Segment Open

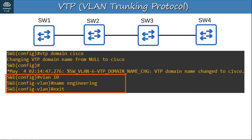Quiz question 3: What are two methods to reset a switch's VTP revision number to 0? A) Change the VTP domain to an unused domain name. B) Change the switch to VTP server mode. C) Change the switch to VTP transparent mode. D) Use the VTP reset command. The answers are A and C. Either changing the VTP domain to an unused domain name, or changing the switch to VTP transparent mode, will reset the revision number to 0. This is useful when adding a switch with a higher VTP revision number to a network.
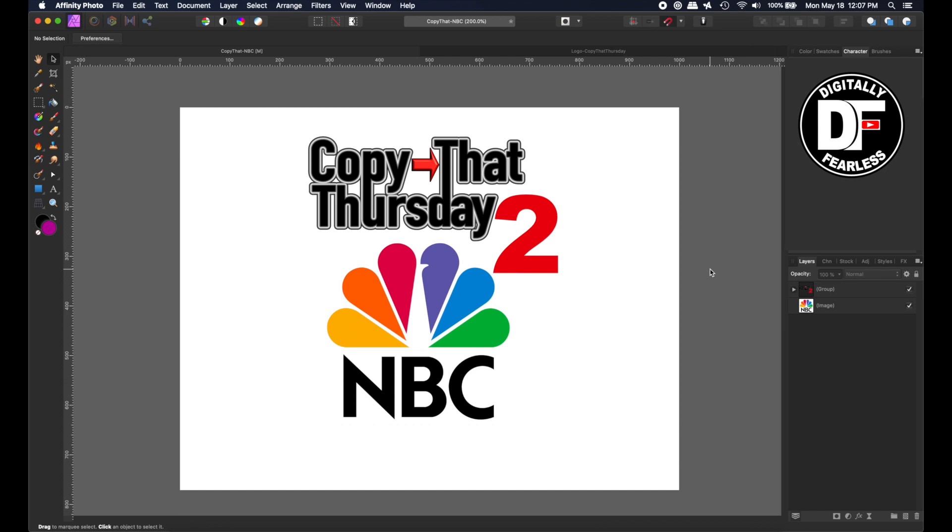Hi, Rich Spisano here from Digitally Feelers. Last week I did a Copy That Thursday and several of you told me that you wanted me to do more. So today I'm going to do a TV network with Copy That Thursday. And best of all, just like last time, it will be a vector graphic. You can do this in Affinity Photo or Affinity Designer and export it as SVG or EPS. It can be sized as large or small as you like without losing resolution. So let's get started.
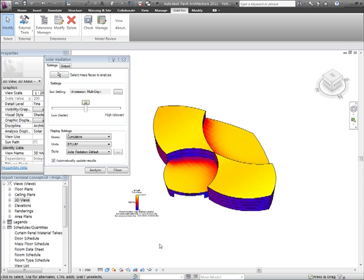As you can see, Revit offers a range of conceptual modelling tools that can enable you to utilise the power of building information modelling from the earliest design stages.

Segment Closed

== TASK TO CARRY OUT ==
Write out the material exactly, excluding pictures.

== SOLUTION TO THIS PROBLEM ==
Quiz question 3: What are two methods to reset a switch's VTP revision number to 0? A) Change the VTP domain to an unused domain name. B) Change the switch to VTP server mode. C) Change the switch to VTP transparent mode. D) Use the VTP reset command. The answers are A and C. Either changing the VTP domain to an unused domain name, or changing the switch to VTP transparent mode, will reset the revision number to 0. This is useful when adding a switch with a higher VTP revision number to a network.
Hi, Rich Spisano here from Digitally Feelers. Last week I did a Copy That Thursday and several of you told me that you wanted me to do more. So today I'm going to do a TV network with Copy That Thursday. And best of all, just like last time, it will be a vector graphic. You can do this in Affinity Photo or Affinity Designer and export it as SVG or EPS. It can be sized as large or small as you like without losing resolution. So let's get started.
As you can see, Revit offers a range of conceptual modelling tools that can enable you to utilise the power of building information modelling from the earliest design stages.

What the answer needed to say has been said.